Example 7: Formulation of a Transparent, Silica-Based Hybrid Material

(48) 6 g of adduct (B), 6 g of pentaerythritol triacrylate (reactive diluent, network former), and 0.5 g of water=component 1

(49) 14.4 g of pentaerythritol tetrakis(3-mercaptopropionate) (crosslinker), 4 g of mercaptopropyltriethoxysilane, 50 mg of N-methyldicyclohexylamine (catalyst) and 120 mg of TEGO Airex® 940 (deaerating agent)=component 2

(50) Component 1 was mixed with component 2. After 1 day of curing at room temperature, the hybrid material had a Shore A hardness of 71. The material was clear and transparent.

Example 8: Curing of a Monomeric Adduct Based on Dipentaerythritol Penta-/Hexaacrylate

(51) 9.02 g of adduct (F)=component 1

(52) 10.53 g of pentaerythritol tetrakis(3-mercaptopropionate) (crosslinker)

(53) with 200 mg of N-methyldicyclohexylamine (catalyst)=component 2

(54) Component 1 was mixed with component 2.

(55) After 2 days of curing at 60° C., the material had a shore A hardness of 50.

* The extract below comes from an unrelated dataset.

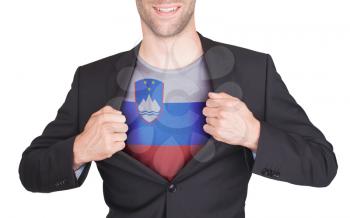 Businessman opening suit to reveal shirt with flag, Slovenia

Example 9: Comparative Experiment of an Inventive System with a Prior-Art, Acrylate-Based System; Both Systems Cured with Thiol

(56) The comparative system according to the prior art selected was pentaerythritol triacrylate as acrylate component, since this molecule can be cured to give solid materials. Moreover, it permits comparison with an inventive adduct having the same number of double bonds and hence the same SH to C═C ratio in the formulation. Accordingly, the adhesive force of the materials can be compared directly.

(57) (X)=adduct (E)

(58) (Y)=pentaerythritol triacrylate

(59) (X) and also (Y) were crosslinked with pentaerythritol tetrakis(3-mercaptopropionate) with an SH/C═C ratio of 0.94, and a determination was made, for the purpose of example, of the adhesion to steel. Tensile adhesion anchors were pulled in accordance with DIN EN 13596, and determinations were made of the maximum tensile adhesion strains.
After 1 day of curing at room temperature:
(X) based resin: 0.270 N/mm.sup.2 (average of 6 measurements)
(Y) based resin: 0.181 N/mm.sup.2 (average of 6 measurements)
After 14 days of curing at room temperature:
(X) based resin: 0.297 N/mm.sup.2 (average of 3 measurements)
(Y) based resin: 0.166 N/mm.sup.2 (average of 3 measurements)
As a result, the use of the inventive system in the addition-crosslinking systems described leads to significantly higher adhesion properties as compared with the acrylate system according to the prior art.